Your task:
The material below holds pictures, which are to be left out; copy exactly the lines from the one with "Cloudiz pohár mini" through the one with "CorningWare French White".

Top of Data provided

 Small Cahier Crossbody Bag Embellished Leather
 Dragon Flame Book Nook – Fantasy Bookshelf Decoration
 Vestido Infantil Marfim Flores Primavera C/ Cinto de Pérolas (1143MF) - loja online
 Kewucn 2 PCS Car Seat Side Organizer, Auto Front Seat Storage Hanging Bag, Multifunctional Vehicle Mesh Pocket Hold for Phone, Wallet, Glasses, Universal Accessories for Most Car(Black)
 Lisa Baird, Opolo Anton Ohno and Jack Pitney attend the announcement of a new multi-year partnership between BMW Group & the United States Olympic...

Bottom of Data provided
Top of Data provided

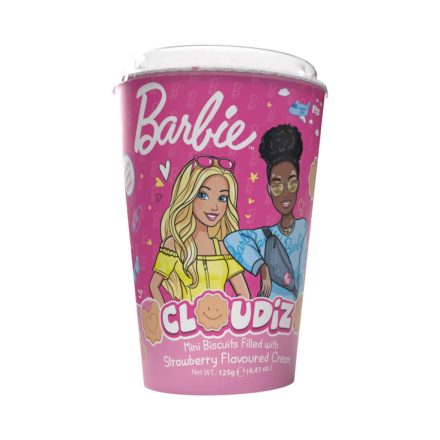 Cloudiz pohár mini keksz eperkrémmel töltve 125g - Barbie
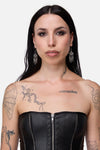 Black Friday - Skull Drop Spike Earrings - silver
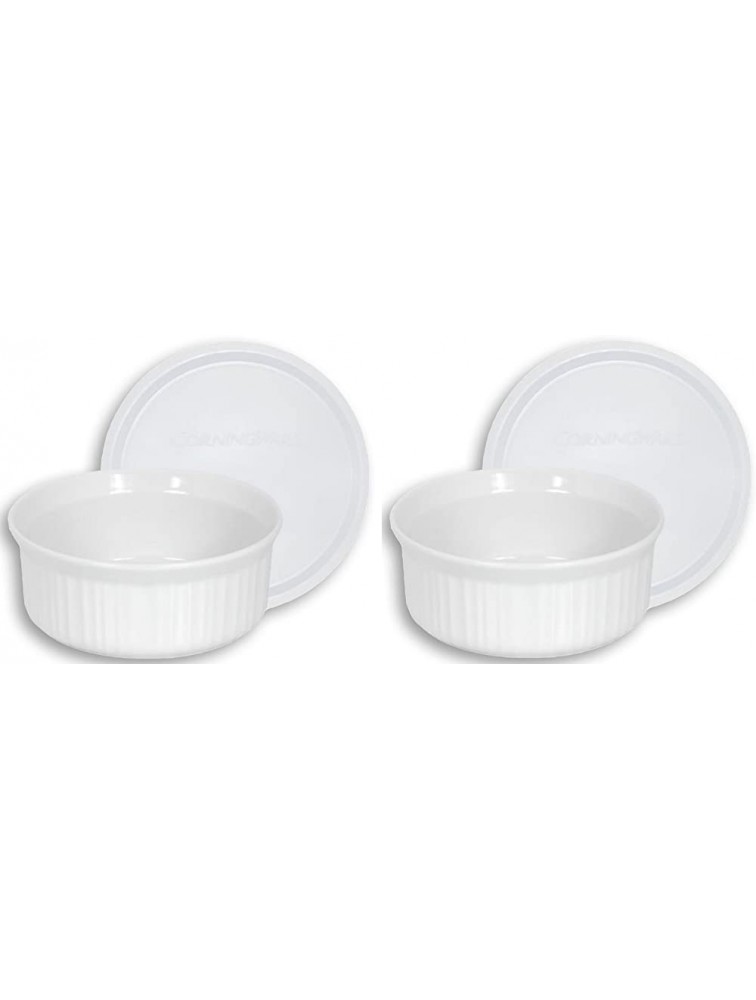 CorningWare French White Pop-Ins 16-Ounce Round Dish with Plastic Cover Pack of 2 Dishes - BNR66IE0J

Bottom of Data provided
Top of Data provided

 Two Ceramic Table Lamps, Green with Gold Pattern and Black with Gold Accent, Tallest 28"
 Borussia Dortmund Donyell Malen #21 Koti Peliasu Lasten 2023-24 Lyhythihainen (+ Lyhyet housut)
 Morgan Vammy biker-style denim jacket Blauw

Bottom of Data provided

Task solution:
 Cloudiz pohár mini keksz eperkrémmel töltve 125g - Barbie
 Black Friday - Skull Drop Spike Earrings - silver
 CorningWare French White Pop-Ins 16-Ounce Round Dish with Plastic Cover Pack of 2 Dishes - BNR66IE0J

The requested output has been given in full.